◆ **Goal of the exercise**
Starting at the line holding "Capone Outfitters Midge" and finishing at the line holding "Stickdatei Stickzebra Niedliches", transcribe the material exactly, keeping both ends but no pictures.

◆ **Supplied records**
━━━━━━━━━━

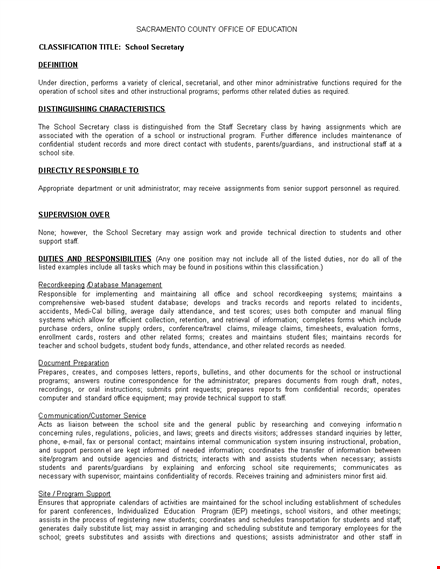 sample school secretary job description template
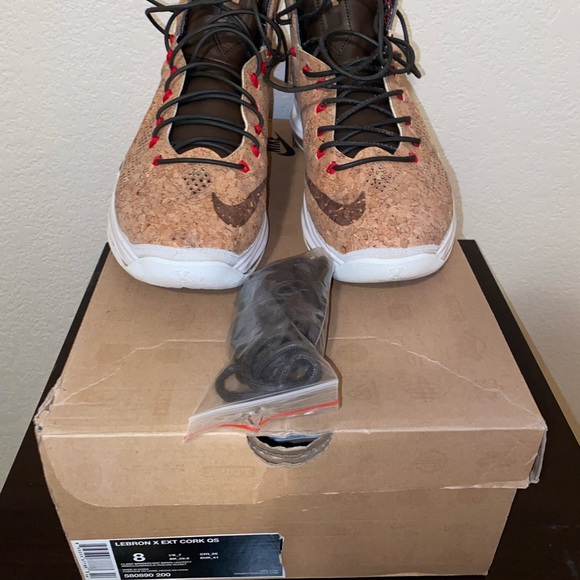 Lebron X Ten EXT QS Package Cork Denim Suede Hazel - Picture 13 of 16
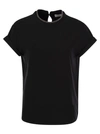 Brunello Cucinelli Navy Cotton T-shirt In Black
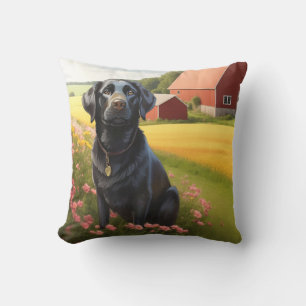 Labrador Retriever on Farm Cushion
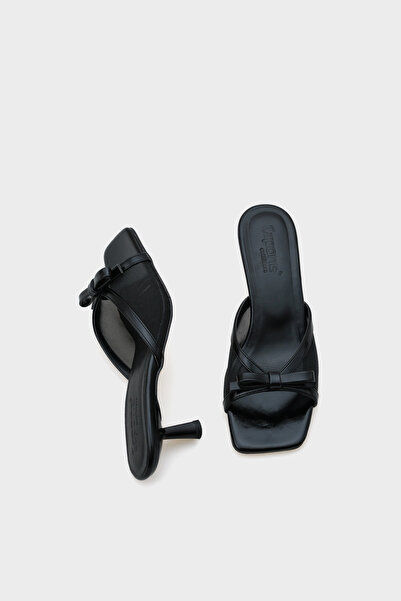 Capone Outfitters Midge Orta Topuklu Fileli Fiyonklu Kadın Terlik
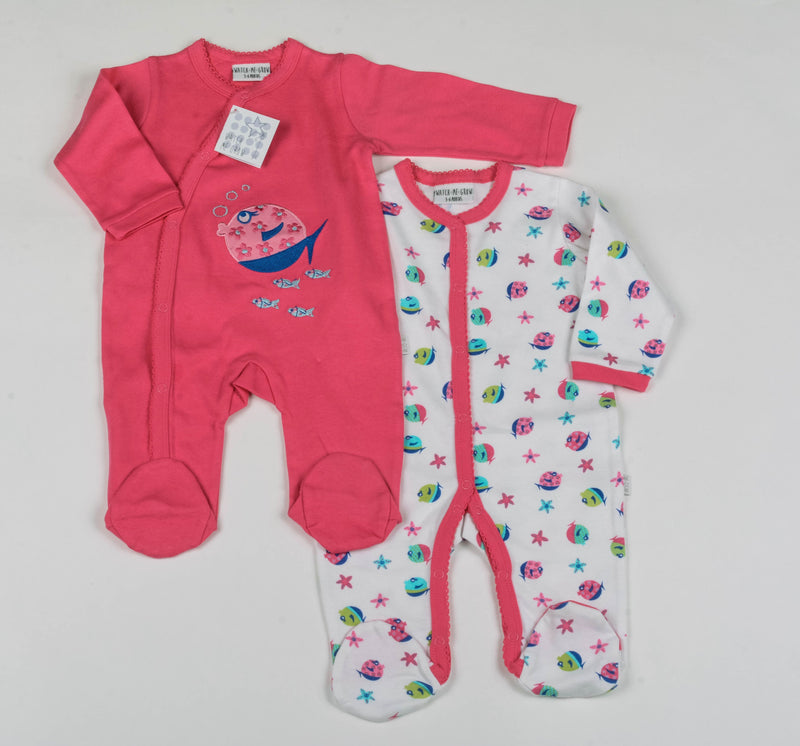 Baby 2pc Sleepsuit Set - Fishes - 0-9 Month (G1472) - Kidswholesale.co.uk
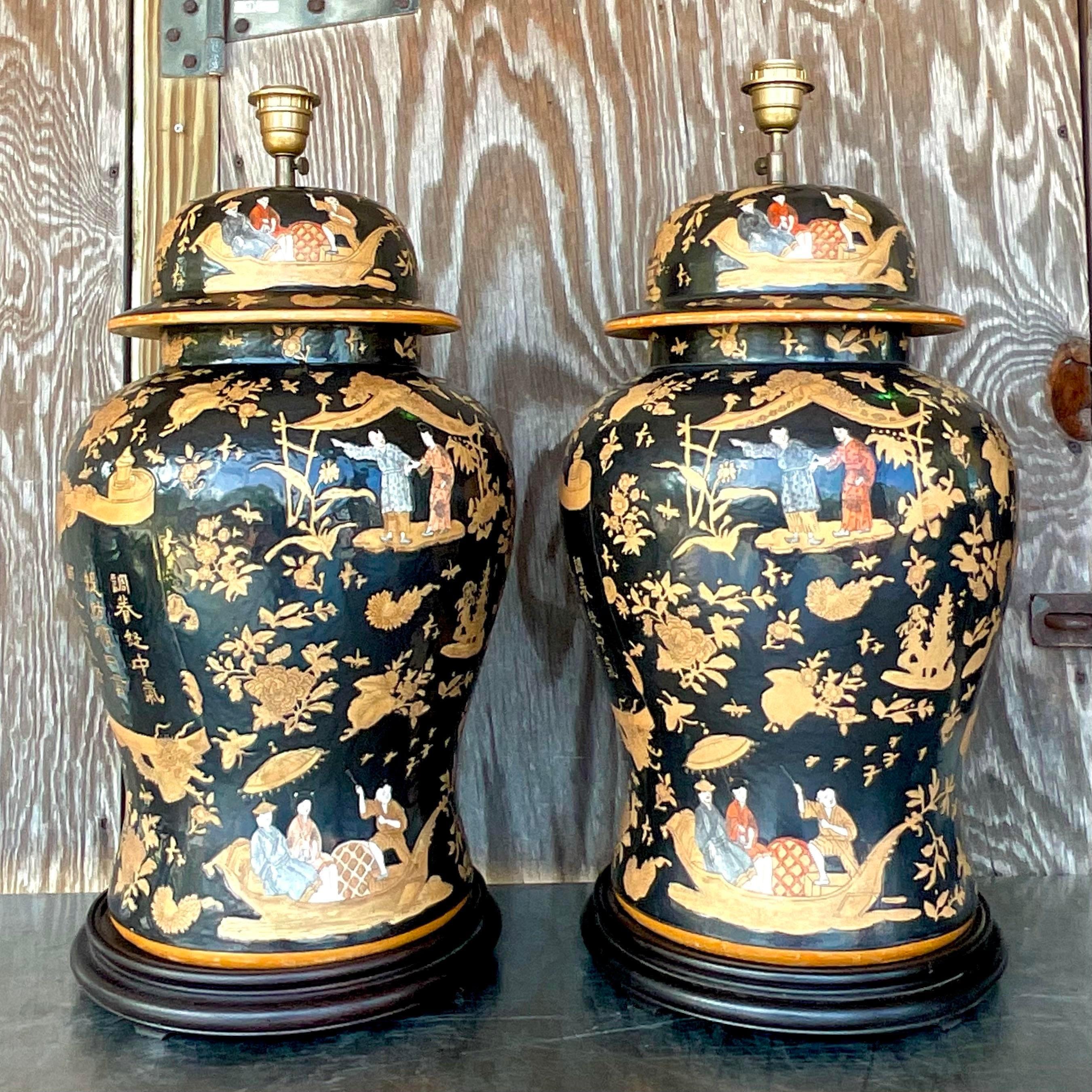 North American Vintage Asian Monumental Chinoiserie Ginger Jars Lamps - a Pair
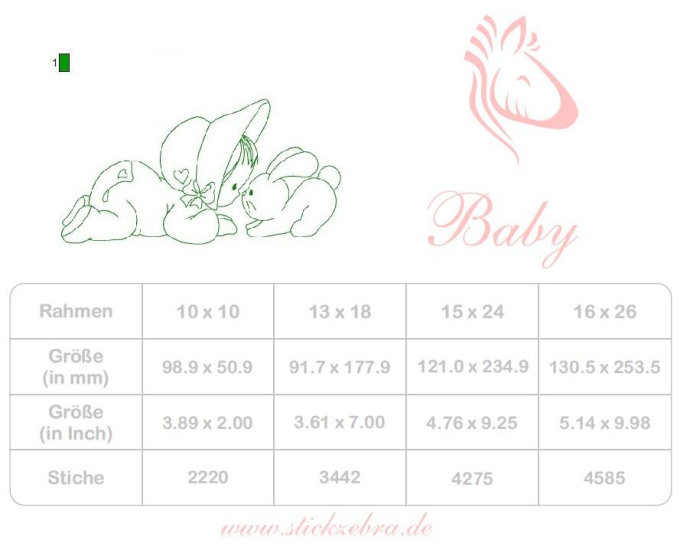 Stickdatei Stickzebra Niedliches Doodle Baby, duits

━━━━━━━━━━

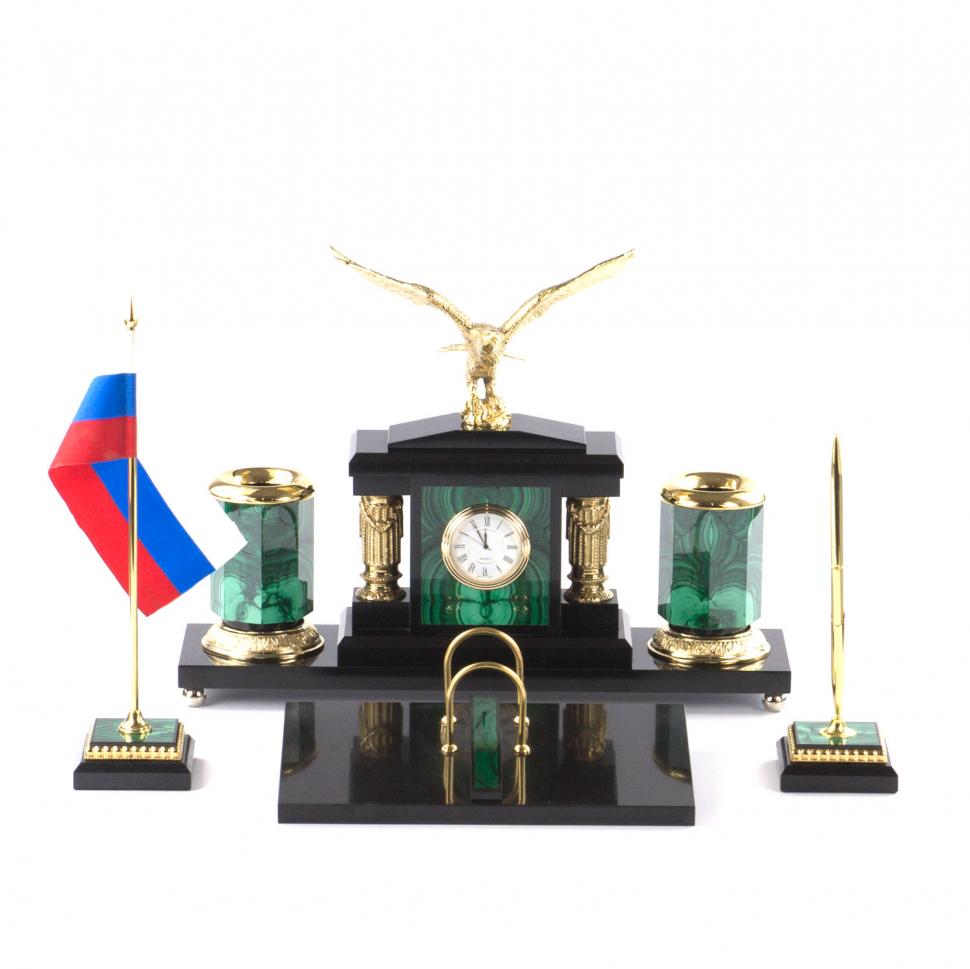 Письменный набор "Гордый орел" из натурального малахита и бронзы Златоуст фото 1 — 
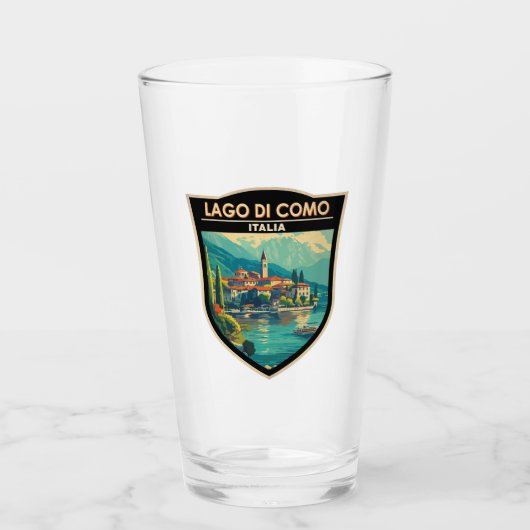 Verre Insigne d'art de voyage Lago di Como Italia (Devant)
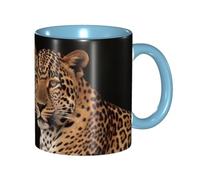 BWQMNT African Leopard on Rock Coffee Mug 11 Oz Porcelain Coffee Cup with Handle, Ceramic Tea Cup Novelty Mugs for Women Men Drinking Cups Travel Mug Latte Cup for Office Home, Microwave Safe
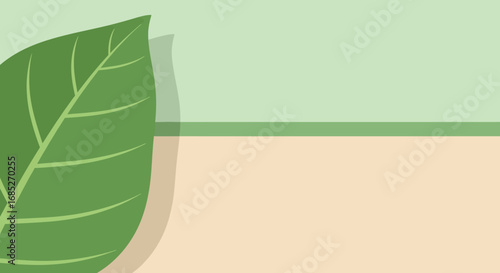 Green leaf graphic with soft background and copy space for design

━━━━━━━━━━

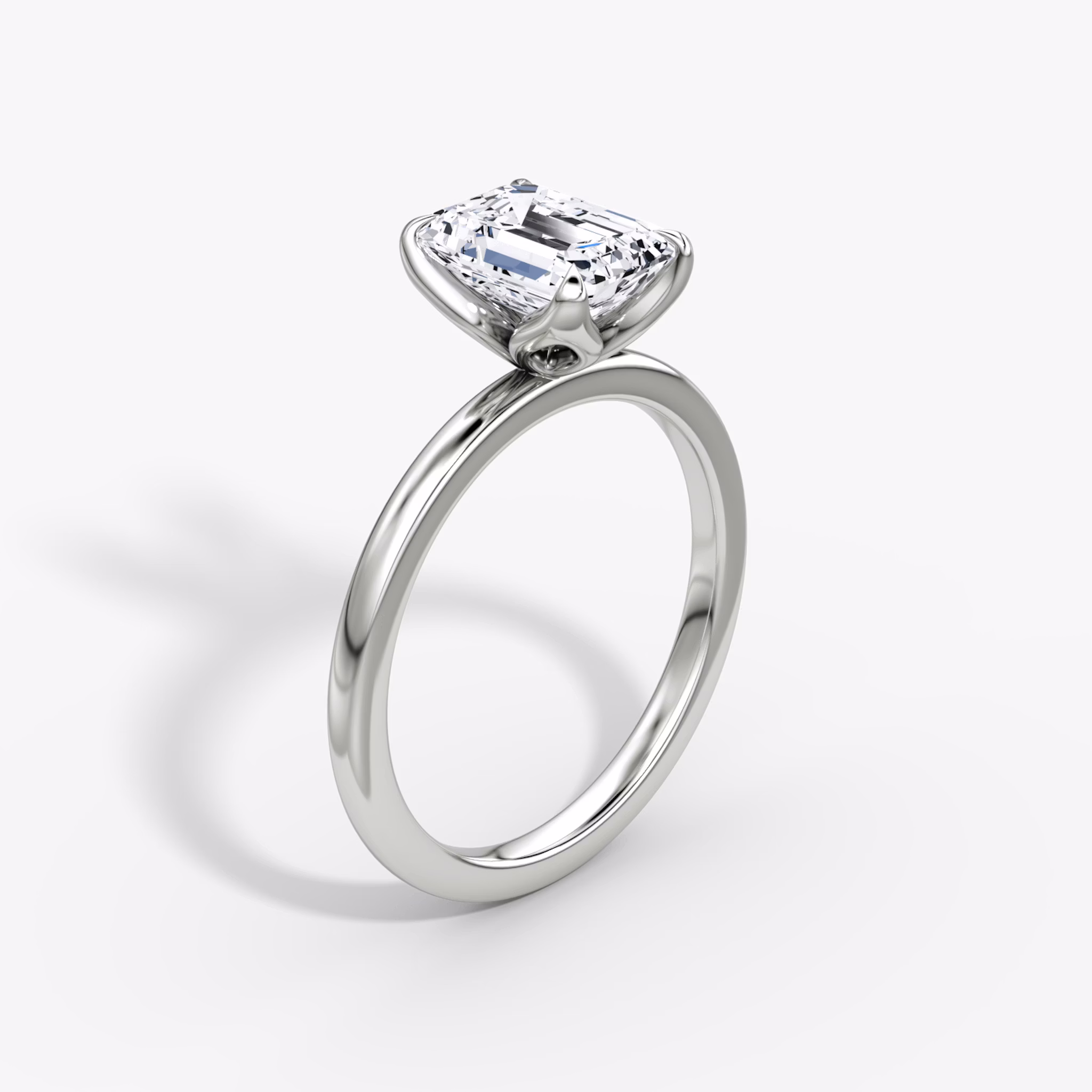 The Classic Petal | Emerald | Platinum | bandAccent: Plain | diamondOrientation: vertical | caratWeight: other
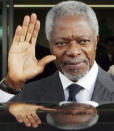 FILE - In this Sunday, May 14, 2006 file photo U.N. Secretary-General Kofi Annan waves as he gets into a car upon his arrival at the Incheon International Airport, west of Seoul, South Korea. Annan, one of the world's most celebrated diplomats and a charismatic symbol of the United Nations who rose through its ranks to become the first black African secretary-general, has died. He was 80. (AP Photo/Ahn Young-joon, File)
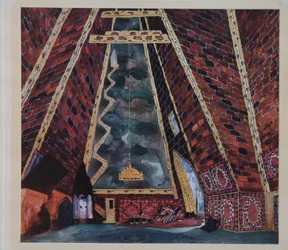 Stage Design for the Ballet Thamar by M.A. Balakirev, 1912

━━━━━━━━━━

◆ **Written solution**
 Capone Outfitters Midge Orta Topuklu Fileli Fiyonklu Kadın Terlik
 Baby 2pc Sleepsuit Set - Fishes - 0-9 Month (G1472) - Kidswholesale.co.uk
 North American Vintage Asian Monumental Chinoiserie Ginger Jars Lamps - a Pair
 Stickdatei Stickzebra Niedliches Doodle Baby, duits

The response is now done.